Reconversion : Axess alerte sur les projets de décret
La loi du 24 octobre 2025 concernant les salariés expérimentés a, notamment, fusionné les dispositifs de reconversion ou promotion par l'alternance Pro-A et de Transitions collectives (Transco) et crée un dispositif unique : la période de reconversion, appelée PR. Elle permet à un salarié d'effectuer une mobilité interne ou externe tout en préparant une certification.
Le secteur sanitaire, social et médico-social privé non lucratif est l'un des principaux utilisateurs du dispositif Pro-A, avec près de 2 000 parcours qualifiants financés chaque année, rappelle la confédération d'employeurs Axess (Fehap + Nexem), dans un communiqué du 5 janvier, où elle se dit « particulièrement inquiète » face aux projets de décrets d'application : « ils pourraient mettre en péril la capacité des établissements à financer les parcours indispensables à la qualification des professionnels en charge de l'accompagnement des populations vulnérables ».

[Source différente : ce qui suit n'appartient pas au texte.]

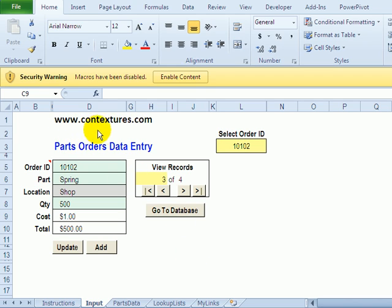On the Contextures website there's a worksheet data entry form that you can download and then customize to your own needs.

Selon Axess, les nouvelles modalités de répartition conduiraient à diviser la dotation légale par près de dix. De plus, la limitation du financement à 5 000 euros par parcours « est incompatible avec les coûts réels des formations » : par exemple, la formation pour devenir infirmière coûte environ 110 000 euros sur trois ans, « un coût largement supérieur au plafond envisagé ». Actuellement, l'État finance 40 % de ces coûts dans le cadre du dispositif Pro-A, permettant ainsi de rendre ces parcours accessibles et de répondre à la pénurie de professionnels de santé et d'accompagnement.
Pour garantir la continuité des parcours de qualification, Axess propose les ajustements suivants :
- Pérenniser une dotation aux Opco basée sur la consommation réelle du dispositif Pro-A, afin de maintenir une cohérence historique et de sécuriser l'effort de qualification engagé ;
- Introduire une dérogation au plafond de 5 000 euros pour les métiers en tension, en particulier pour les dix métiers les plus critiques du secteur, pour garantir la soutenabilité financière des formations longues et coûteuses ;
- Envisager la création d'une enveloppe supplémentaire, à l'image des dispositifs mis en place dans le cadre du plan de relance, spécifiquement destinée à soutenir le plan de qualification des professionnels du secteur sanitaire, social et médicosocial privé non lucratif.